I'm trying to understand the code better but obviously it's a major endeavor to get a grasp on the stuff you guys have put together. C++ is easy to read of course, but understanding the hardware emulation is another story.

Reply 8 of 16, by Qbix

User metadata
Rank DOSBox Author
Rank
DOSBox Author

For your information purposes:
DOSBox 0.72 was compiled with GCC 3.4.4

CXXFLAGS=" -s -O3 -fomit-frame-pointer -ffast-math -march=i586 -mtune=i686 -fexpensive-optimizations"
and
--enable-core-inline

-O2 instead of -O3 might be faster. At least I had that feeling a few times. but it is hard to benchmark.
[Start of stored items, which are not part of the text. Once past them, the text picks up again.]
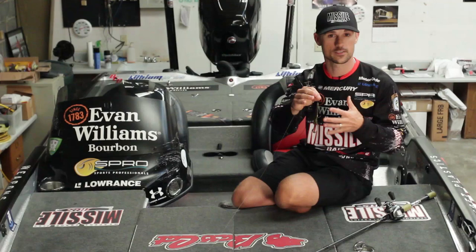Very versatile bait, a lot of applications. Don't let the size fool you — you'll catch some little ones, you'll catch some medium sized ones, and you can definitely catch some big ones. It's going to catch you a lot of numbers with the little Missile Baits Baby Destroyer.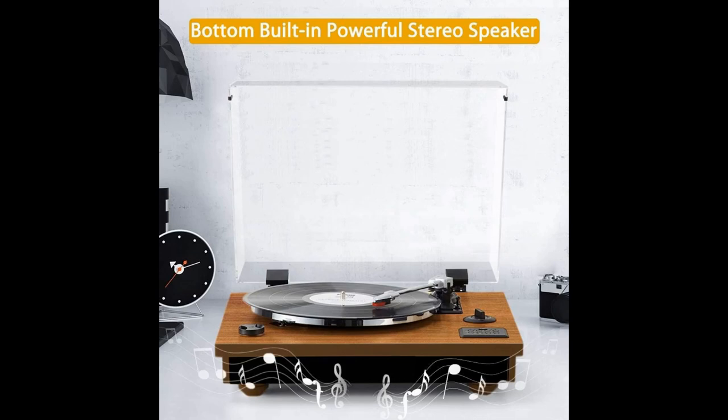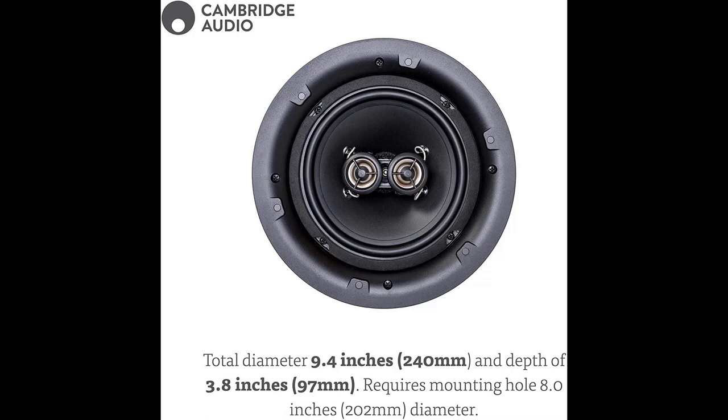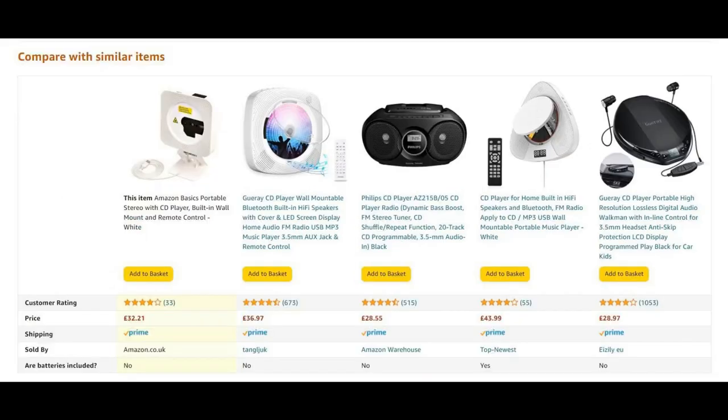Welcome. Today I've got something really amazing to show you. You've probably seen on the Amazon store and various places things like this turntable, this CD player, which looks really nice, and this speaker — this is a ceiling speaker. And then we've got all of these other products. What have they all got in common?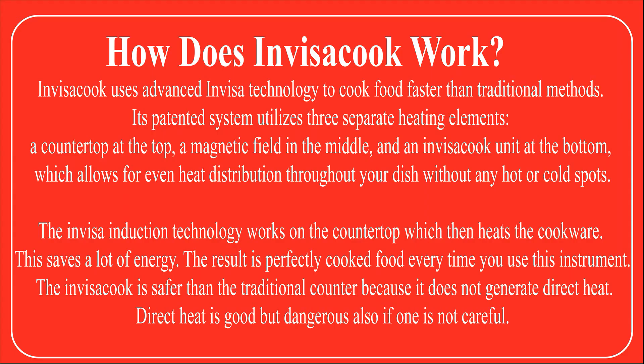InVisaCook uses advanced InVisa technology to cook food faster than traditional methods. Its patented system utilizes three separate heating elements: a countertop at the top, a magnetic field in the middle, and an InVisaCook unit at the bottom, which allows for even heat distribution throughout your dish without any hot or cold spots. The InVisa induction technology works on the countertop, which then heats the cookware.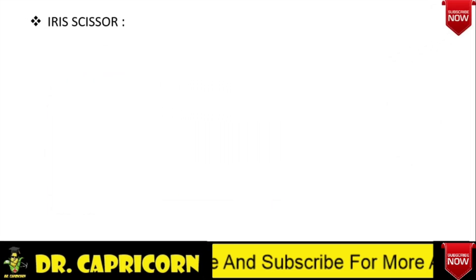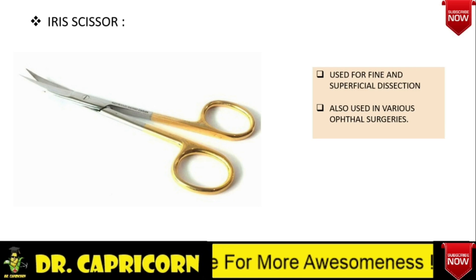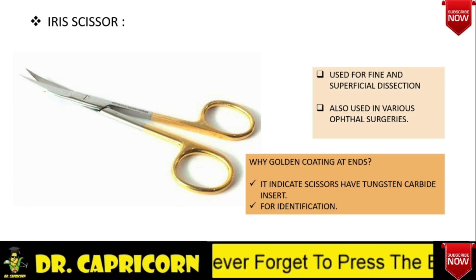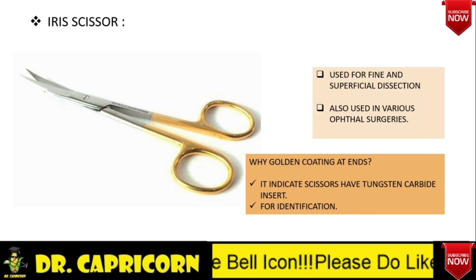Iris scissor — it is a fine scissor used by ophthalmologists in doing various surgeries. However, in general surgery, it is used for very fine and superficial dissection. As you can see, there is a golden color coating at the ends, which indicates that the scissors have a tungsten coating, helpful in identification. Other coatings also exist — for example, black handled rings indicate supercut scissors, and blue instruments are typically titanium.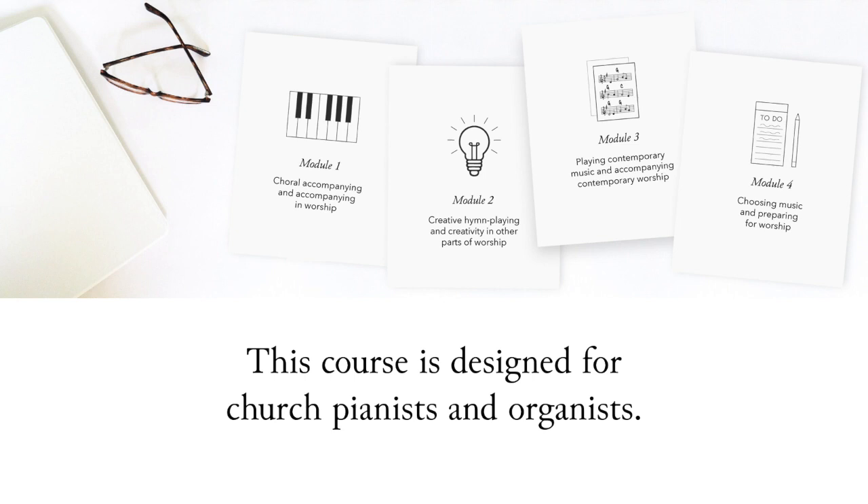This course is geared toward those with some playing and/or accompanying experience and a basic knowledge of music theory. Like today's workshop, I consider this to be a graduate-level course that builds on the playing, reading, and musicianship skills that you either developed in undergraduate work or through experience in the field, and theoretical knowledge gained from college-level music theory courses. We'll build on all of that.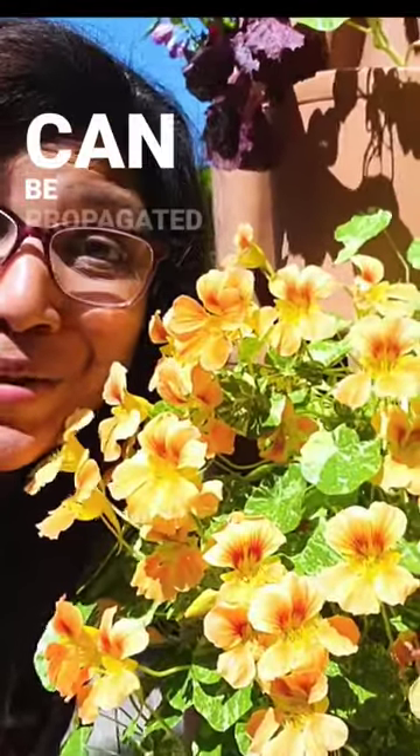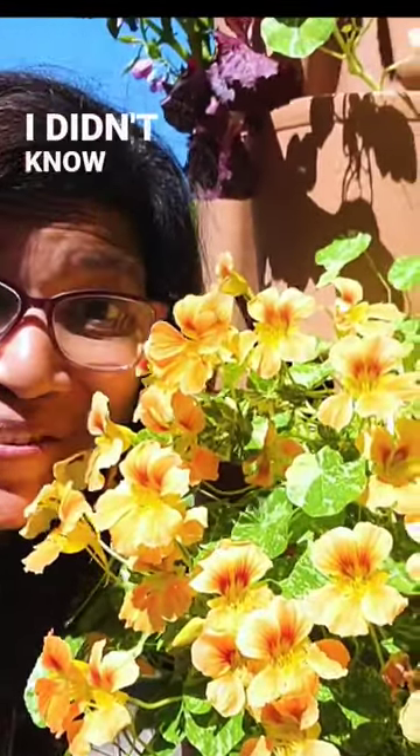Did you know that nasturtiums can be propagated from cuttings? I didn't know that. I just found out.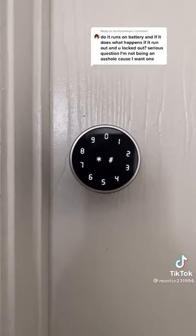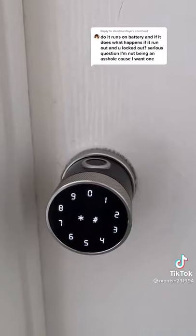I prefer to use mine for my bedroom doors. I honestly don't know if it can be used for exterior doors.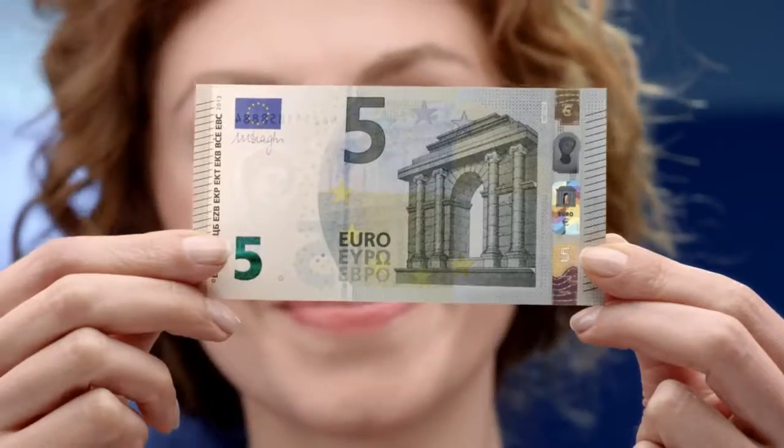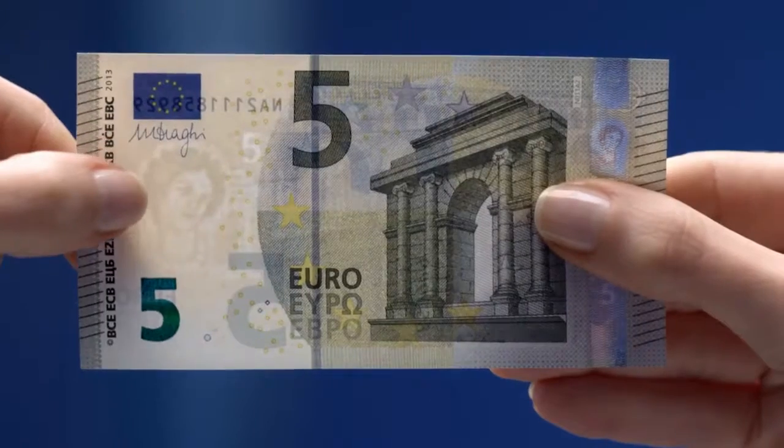If only everything was as easy to check as the new €5 banknote. Just feel. Nope.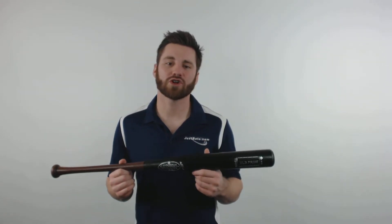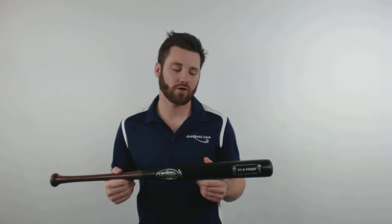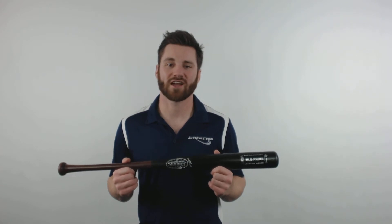This bat features an entirely maple wood construction and a two and a quarter inch barrel diameter. It has a Hornsby finished handle and a black finish barrel. It'll be bone rubbed to tighten the grains of the bat to allow maximum hardness at contact.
Water flows down the stream
How to ask questions the smart way!

Reply 9 of 16, by wd

User metadata
Rank DOSBox Author
Rank
DOSBox Author

even vectorizing and mfpmath=sse, did basically nothing to improve or even worsen performance.

The dynamic core uses some non-trivial loading/saving of the fpu state which
might not work well together with mmx/sse/whatever code in other parts of
the emulation (it's funny that it works at all *g* ).

Reply 10 of 16, by jal

User metadata
Rank Oldbie
Rank
Oldbie
swaaye wrote:

out of the little 900MHz Celeron M inside it

Unless you have 'over'clocked it, it actually runs on 630MHz, since it is underclocked by default.

JAL

Reply 11 of 16, by swaaye

User metadata
Rank l33t++
Rank
l33t++

Actually, on the Eee900 it starts at 900 MHz. There is an option in the BIOS for "power save mode" which puts it at 630 MHz and undervolts everything. On "performance" mode, it starts at 900 Mhz and I've found that it'll do 1000 MHz fine. On power save, it can only handle 750 MHz oc.

Reply 12 of 16, by jal

User metadata
Rank Oldbie
Rank
Oldbie
swaaye wrote:

Actually, on the Eee900 it starts at 900 MHz. There is an option in the BIOS for "power save mode" which puts it at 630 MHz and undervolts everything. On "performance" mode, it starts at 900 Mhz and I've found that it'll do 1000 MHz fine. On power save, it can only handle 750 MHz oc.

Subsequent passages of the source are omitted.